Noto: “Oltre l’Eldorado” di Angelo Fortuna
Venerdì 21 Febbraio 2014, a Noto, Domenico Pisana ha presentato in
Sala Gagliardi il recente romanzo di Angelo Fortuna “Oltre l’Eldorato” di Santocono Editore ,Rosolini.
Pubblichiamo la Prefazione di Domenico Pisana[1] con le foto di Vincenzo Medica che ringraziamo
Introdurre un’opera letteraria, al di là del suo valore culturale, assume sempre la caratteristica di un dono verso la persona dell’Autore che sente quell’opera come una sua creatura.
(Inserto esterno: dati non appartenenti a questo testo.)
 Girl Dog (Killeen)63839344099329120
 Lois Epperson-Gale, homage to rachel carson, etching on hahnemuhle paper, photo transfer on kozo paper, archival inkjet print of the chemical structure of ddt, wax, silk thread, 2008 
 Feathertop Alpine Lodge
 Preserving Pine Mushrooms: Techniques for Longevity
Mi sono avvicinato ai racconti di Angelo Fortuna tenendo presente ciò che sosteneva, già nel 1866, lo scrittore Luigi Settembrini nella sua opera Lezioni di letteratura italiana. “Ci sono due specie di critiche – affermava Settembrini -, l’una che s’ingegna più di scorgere i difetti, l’altra di rivelar le bellezze. A me piace più la seconda che nasce da amore, e vuol destare amore che è padre dell’arte; mentre l’altra mi pare che somigli a superbia, e sotto colore di cercare la verità distrugge tutto, e lascia l’anima sterile”.
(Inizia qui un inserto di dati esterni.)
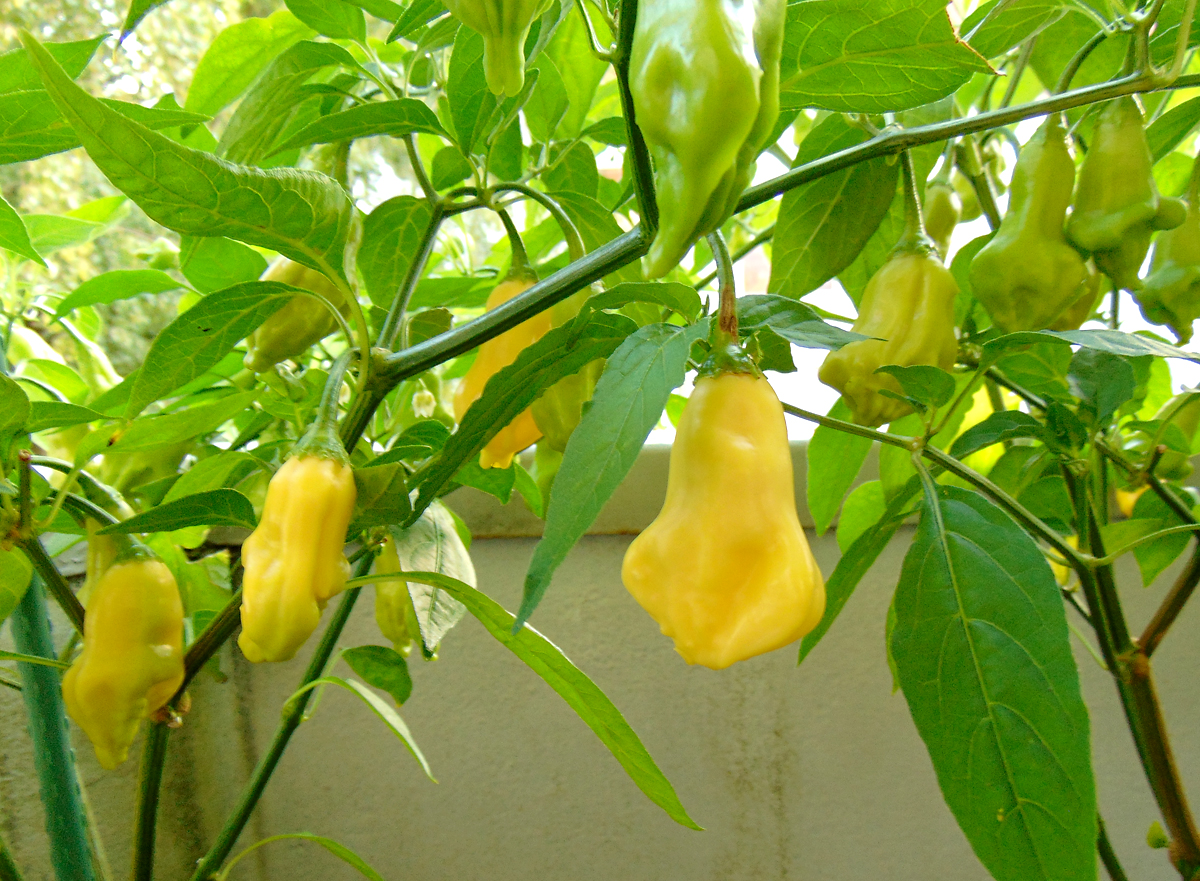 04092022_Dulce_Luna-fruit.jpg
Condivido molto questa idea di Settembrini, e cercherò, pertanto, di evidenziare le luci di questo libro, quelle che mi hanno particolarmente colpito. Lo faccio non soltanto con l’occhio e il cuore del lettore, il quale spesso si ferma alle storie narrate e alla fine trae le sue conclusioni spesso legate al gusto e al gradimento, ma anche andando al di là del racconto nel tentativo di offrire una chiave ermeneutica che possa far comprendere quel che l’Autore colloca dentro la tessitura della sua narrazione, innalzando così il suo testo a livello di letteratura.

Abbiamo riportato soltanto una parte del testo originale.